## Source records
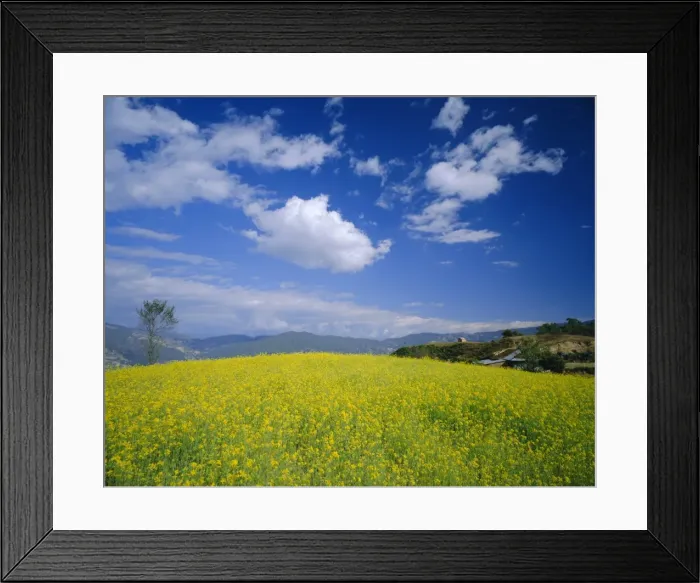 Framed Print : Mustard fields in winter near Nagarkot Framed Print : Mustard fields in winter near Nagarkot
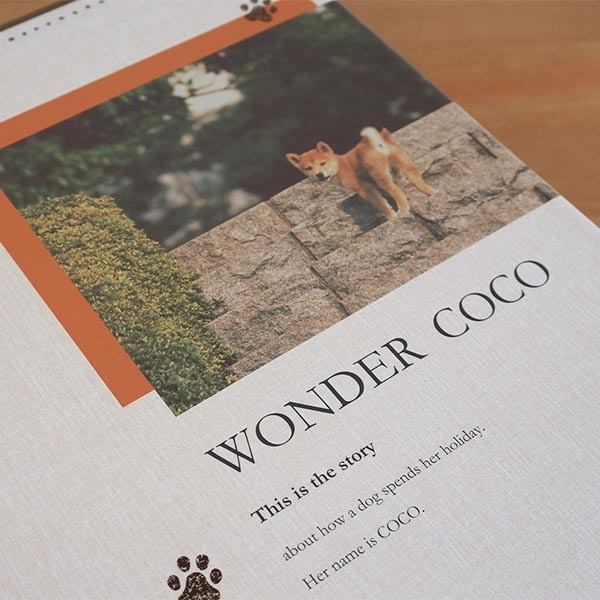 【アルバムの日記念特価】ナカバヤシ 5冊BOXポケットアルバム / L判480枚 ワンダーココ 5PL-480-2の商品画像4枚目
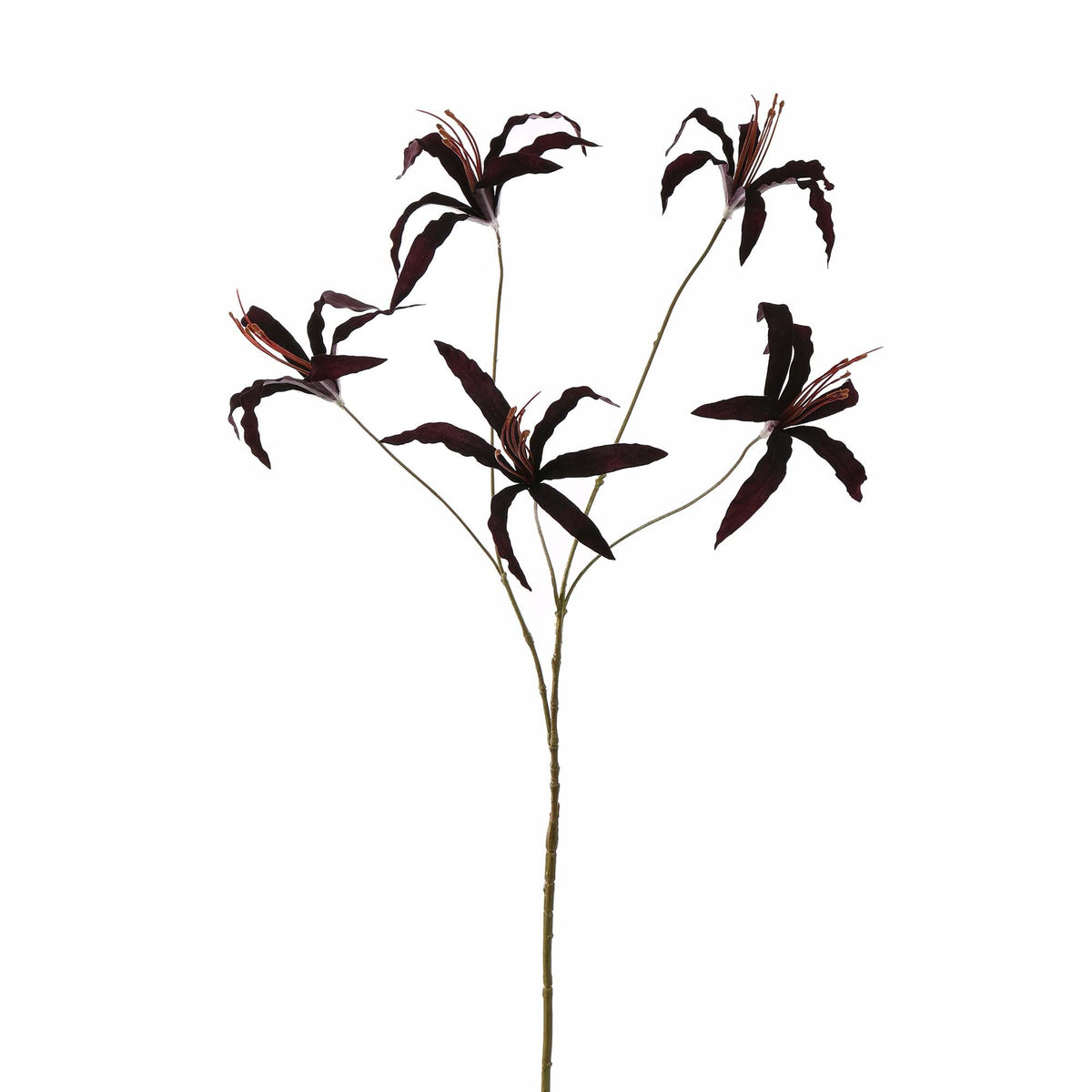 Zijden lycoris radiata bordeaux 84 cm, zijden bloem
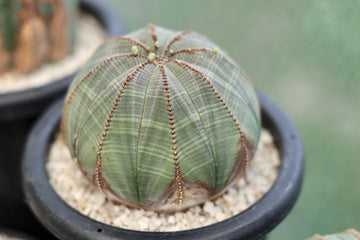 Heirloom Non-GMO Euphorbia Obesa Baseball Plant Flower Seeds for Planting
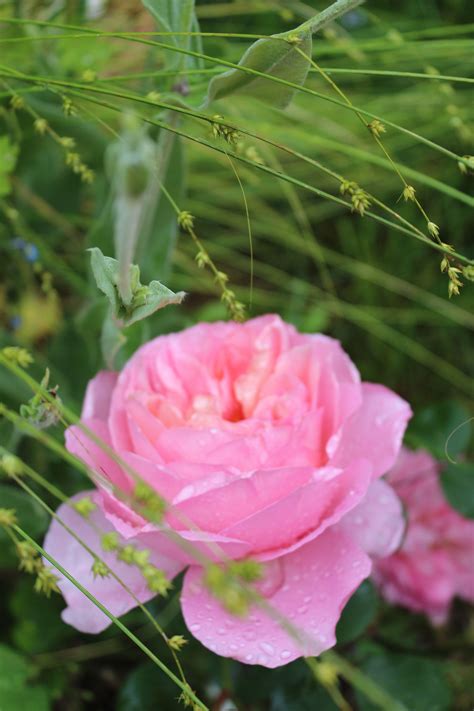 Belle Rose De Mon Jardin Fleurs Belle Rose Jardins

## What you need to do
Would you write out exactly the lines of the data from the one holding "Heirloom Non-GMO Euphorbia" to the final line, both included, with pictures left out?

## Response to this task
 Heirloom Non-GMO Euphorbia Obesa Baseball Plant Flower Seeds for Planting
 Belle Rose De Mon Jardin Fleurs Belle Rose Jardins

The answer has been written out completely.